[THE INPUT]:

+ + + + + + +

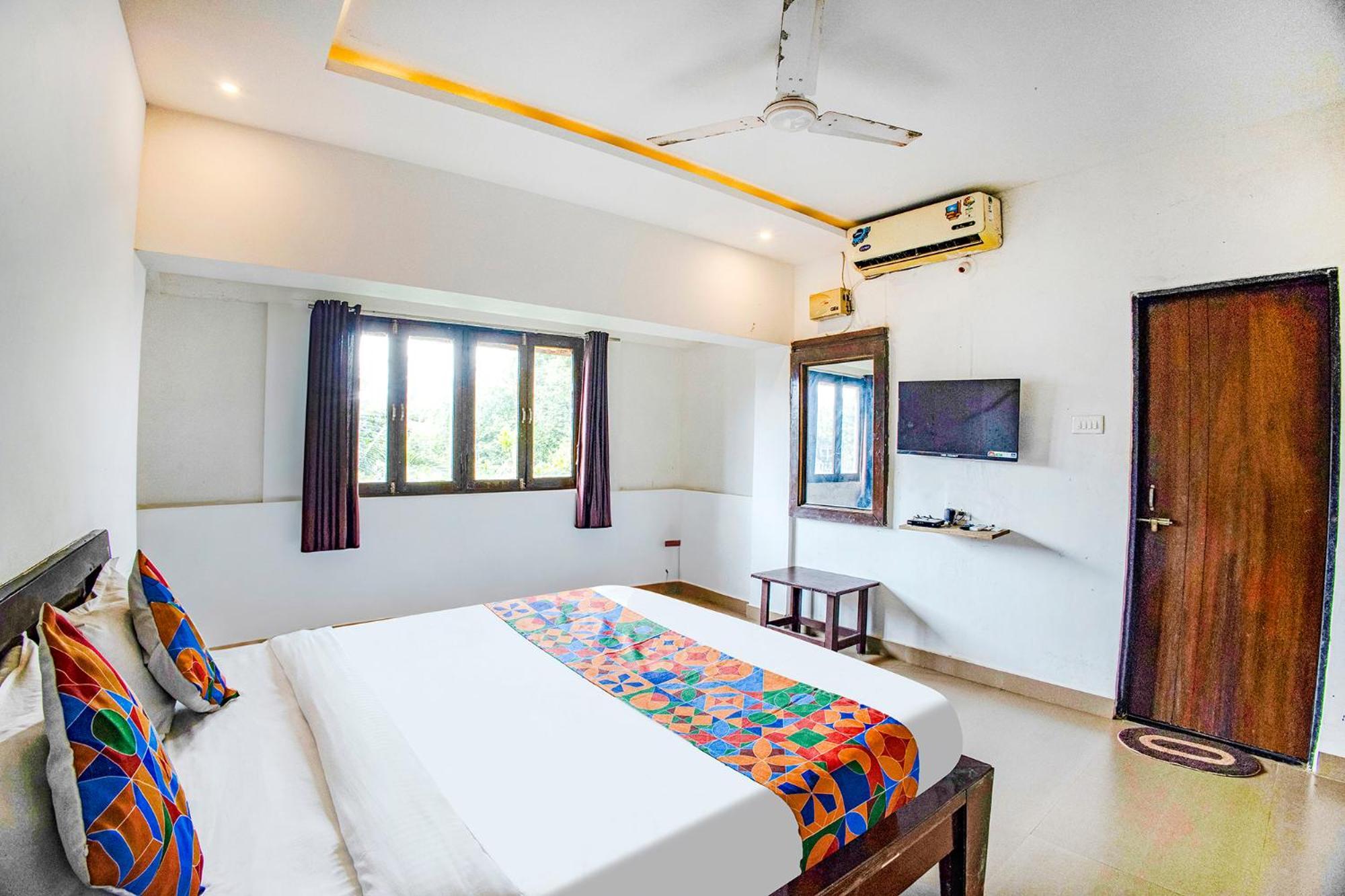 Fabhotel Comfort Stays - Nr Miramar Beach Panaji Exterior foto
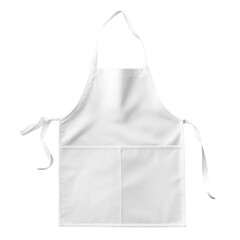kitchen apron dress isolated on white background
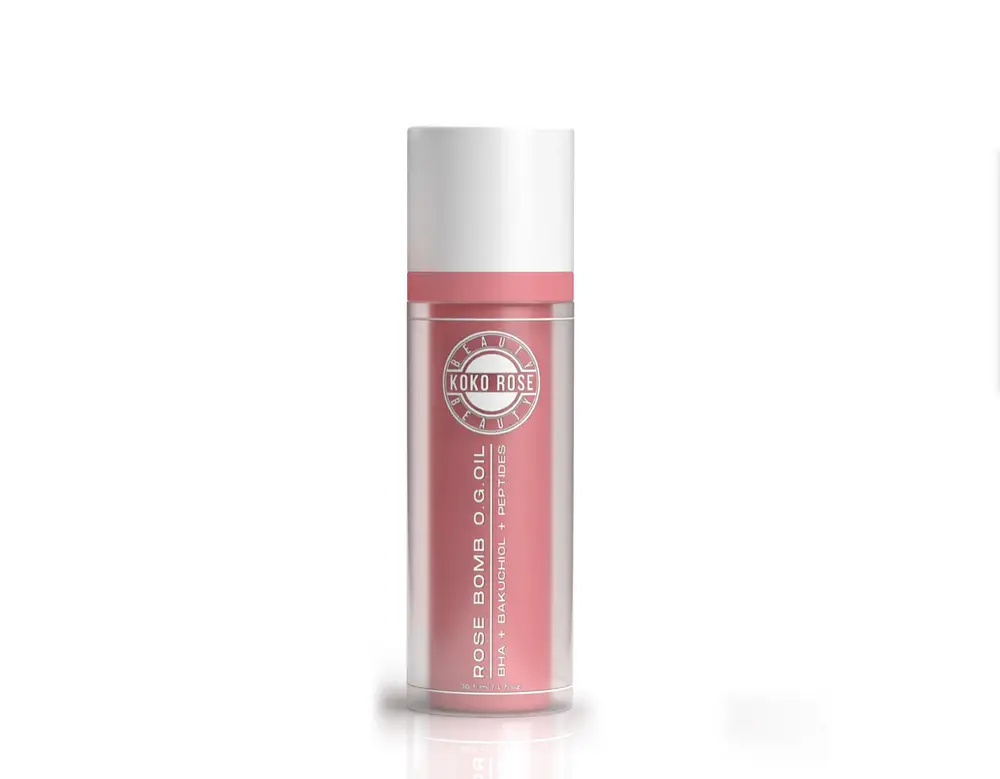 Koko Rose Beauty Rose Bomb O.G. Clarifying & Brightening Oil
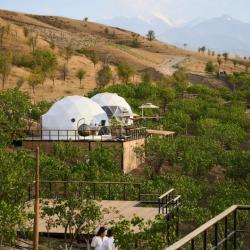 Фото Отель EcoHouse Glamping (ЭкоХаус Глэмпинг)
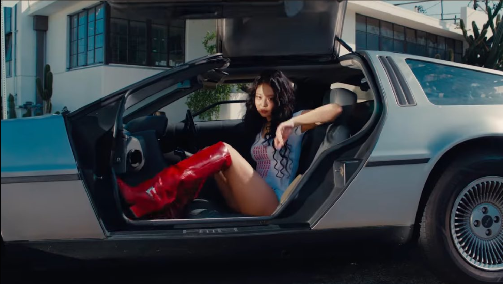 Image from: 5 Stunning Cars featured in BLACKPINK Jennie’s Mantra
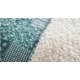 thumbnail image 2 of Cubrecama SHERPA 1.5 Plazas - Patchwork Malé Maldivas Teal M975 M975, 2 of 6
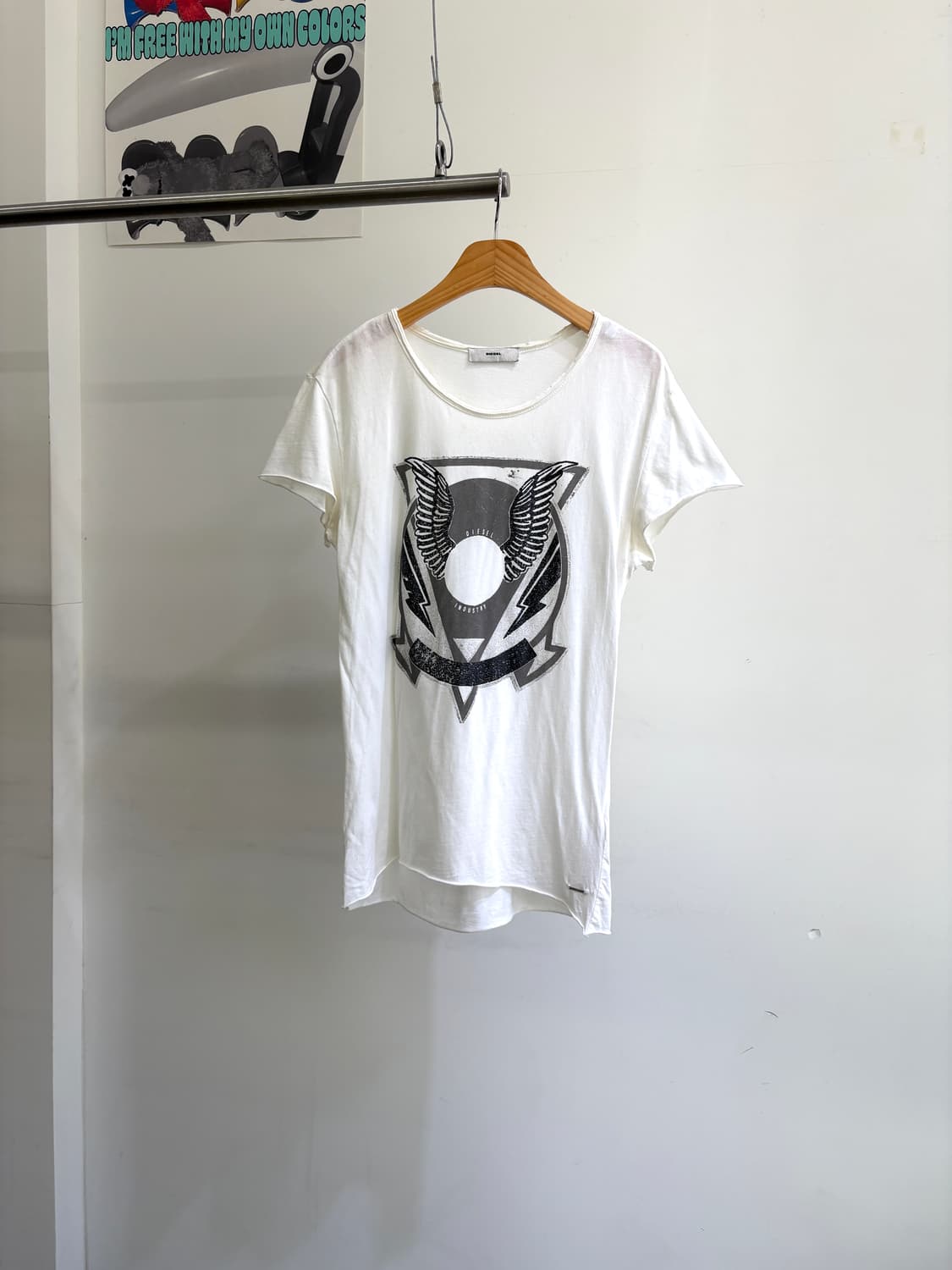 DIESEL 반팔 티셔츠 상품이미지1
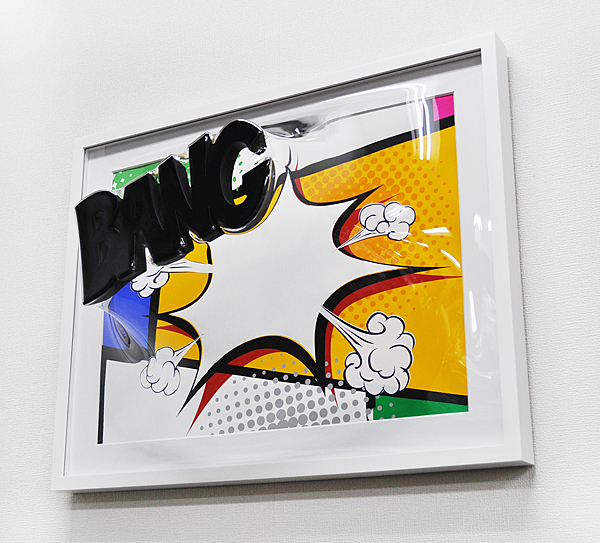 Yuki Matsueda, ‘BANG’, 2018, Sculpture, Silk screen print, wood, PET, A.Style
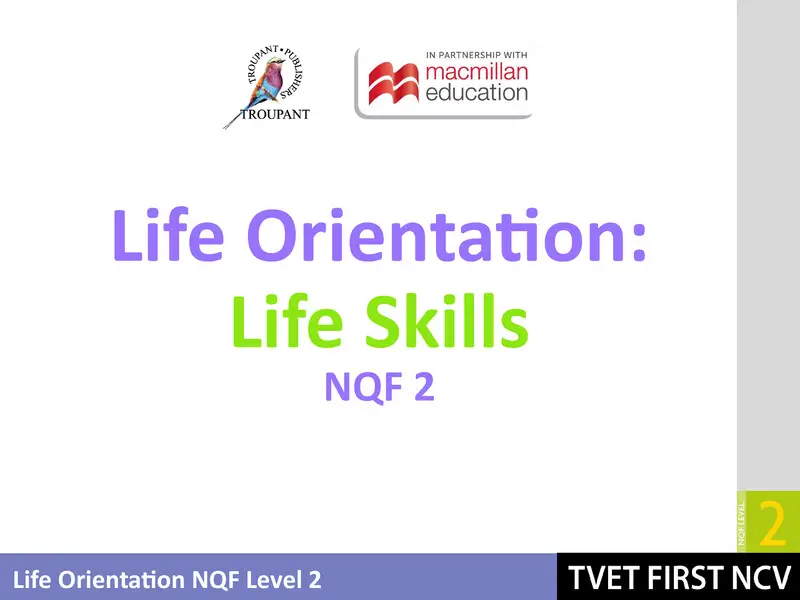 Lo Life Skills Level 2 Module 1 Lg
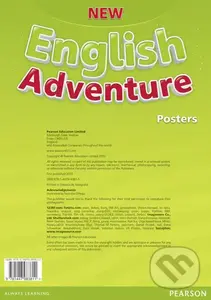 New English Adventure 1 - Posters - Anne Worrall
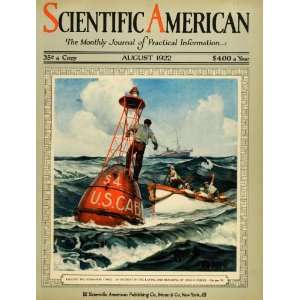   Ship Scientific American Science Sea   Original Cover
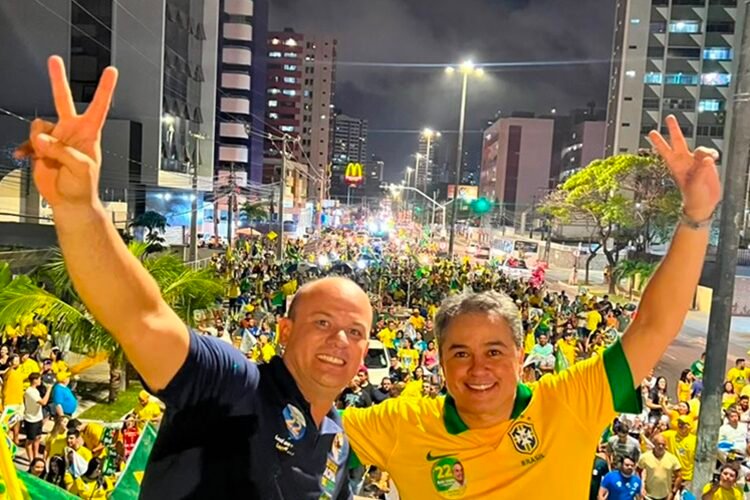 Com Alfredo Gaspar, Efraim Filho participa neste sábado de lançamento da candidatura de Cabo Gilberto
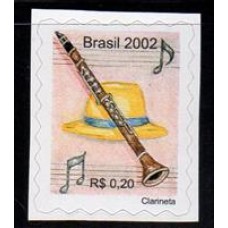 RHM 823 - Instrumentos Musicais : CLARINETA - sem carimbo 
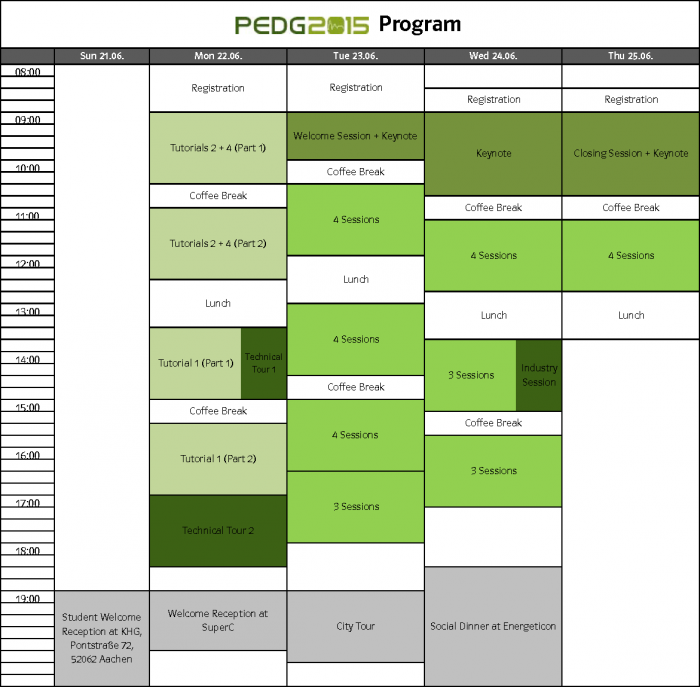 PEDG Program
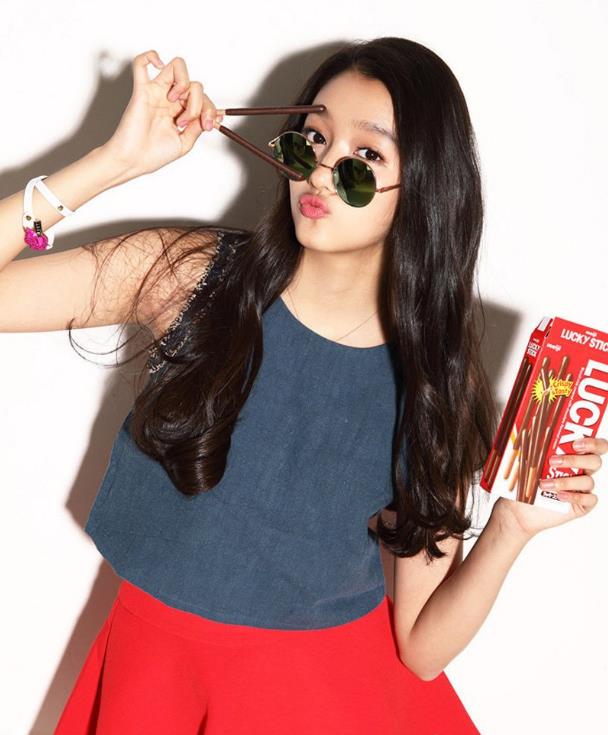 清纯女神关晓彤写真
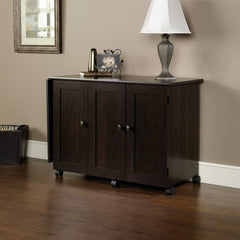 38.5'' x 19.5'' Foldable Engineered Wood Sewing Table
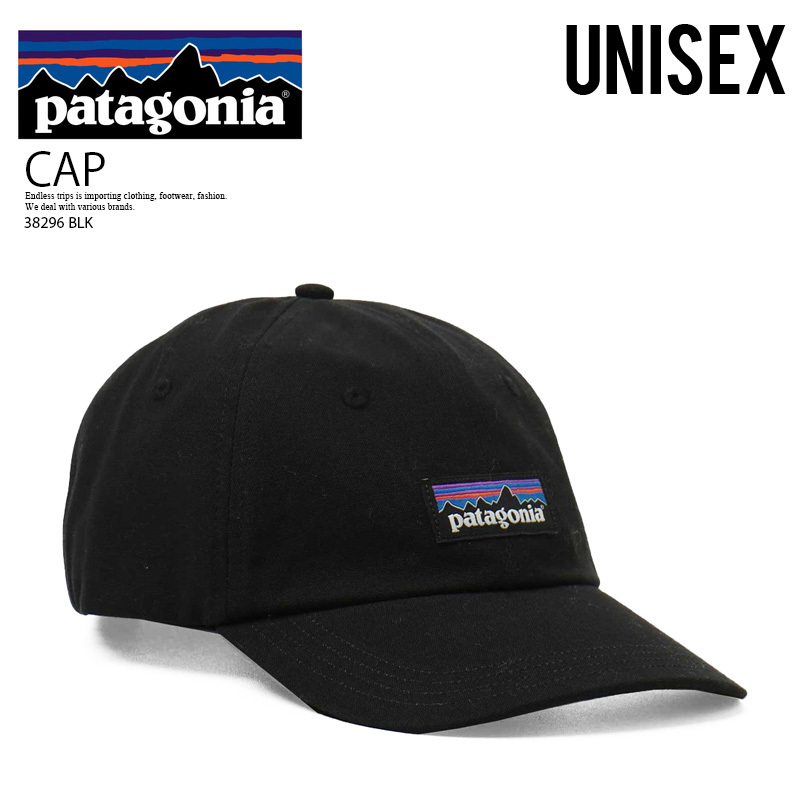 ■新品■patagonia/パタゴニア■P-6 LABEL TRAD STRAPBACK CAP ラベル トラッド ストラップバック キャップ■帽子 ユニセックス■38296拍卖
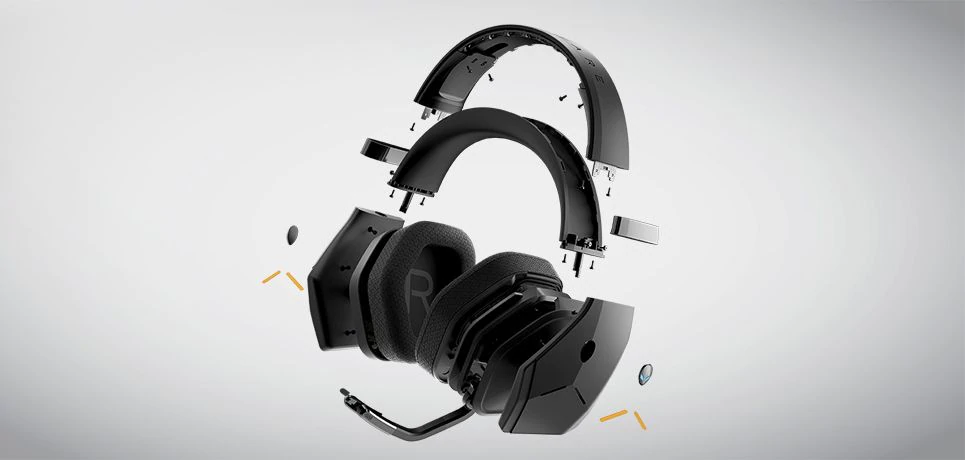 

Гарнітура Alienware Wireless Gaming Headset AW988 (JN63520-AANP)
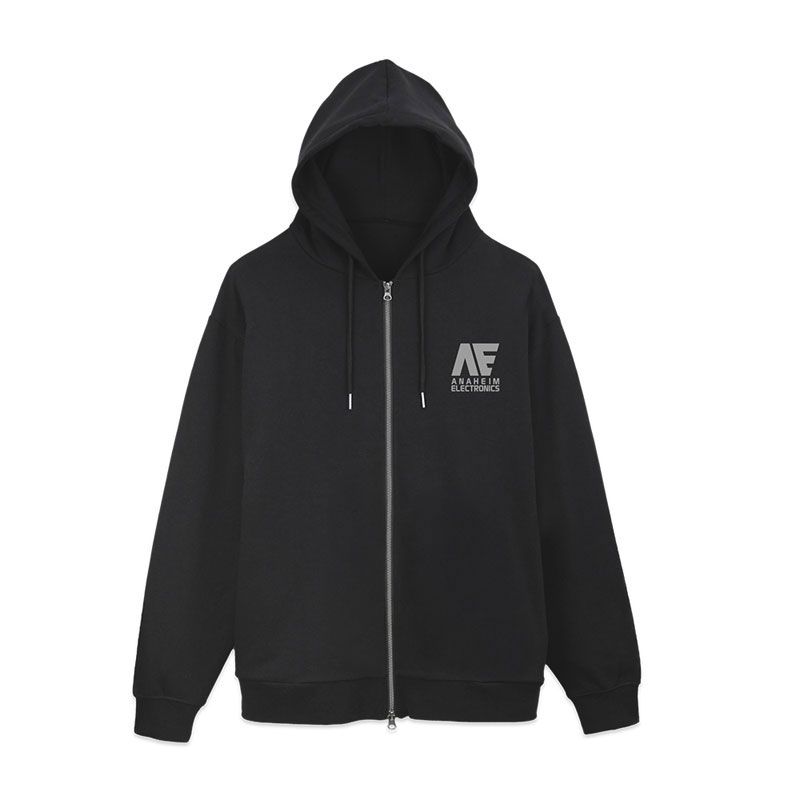 機動戦士Zガンダム アナハイム・エレクトロニクスジップパーカーVer2.0/BLACK-XXL 画像 4 | AniSmile
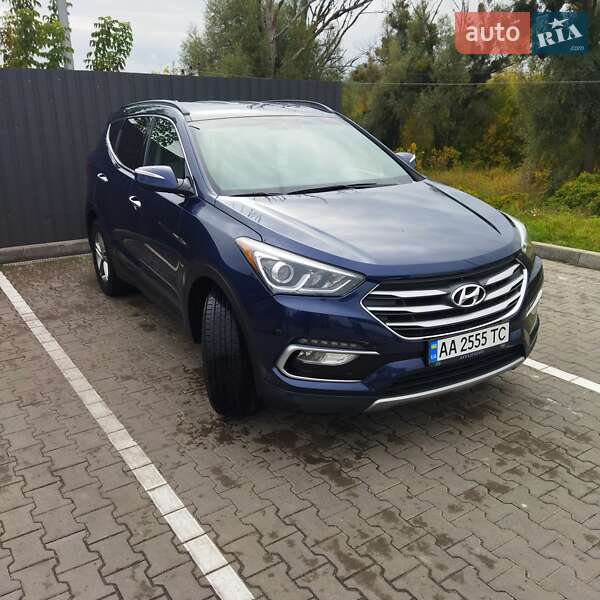 Позашляховик / Кросовер Hyundai Santa FE 2017 в Києві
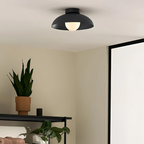 Radiant Translucent Glow Nordic Glass Ceiling Light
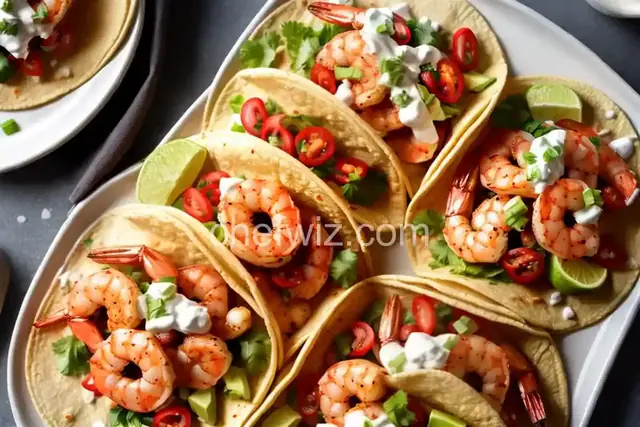 Chipotle Shrimp Tacos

+ + + + + + +

From the first line of the entries above down to the line holding "Com Alfredo Gaspar, Efraim", quote each line exactly and nothing else, skipping pictures.

[RESULT FOR THIS TASK]:
 Fabhotel Comfort Stays - Nr Miramar Beach Panaji Exterior foto
kitchen apron dress isolated on white background
 Koko Rose Beauty Rose Bomb O.G. Clarifying & Brightening Oil
 Фото Отель EcoHouse Glamping (ЭкоХаус Глэмпинг)
 Image from: 5 Stunning Cars featured in BLACKPINK Jennie’s Mantra
 thumbnail image 2 of Cubrecama SHERPA 1.5 Plazas - Patchwork Malé Maldivas Teal M975 M975, 2 of 6
 DIESEL 반팔 티셔츠 상품이미지1
 Yuki Matsueda, ‘BANG’, 2018, Sculpture, Silk screen print, wood, PET, A.Style
 Lo Life Skills Level 2 Module 1 Lg
 New English Adventure 1 - Posters - Anne Worrall
   Ship Scientific American Science Sea   Original Cover
 Com Alfredo Gaspar, Efraim Filho participa neste sábado de lançamento da candidatura de Cabo Gilberto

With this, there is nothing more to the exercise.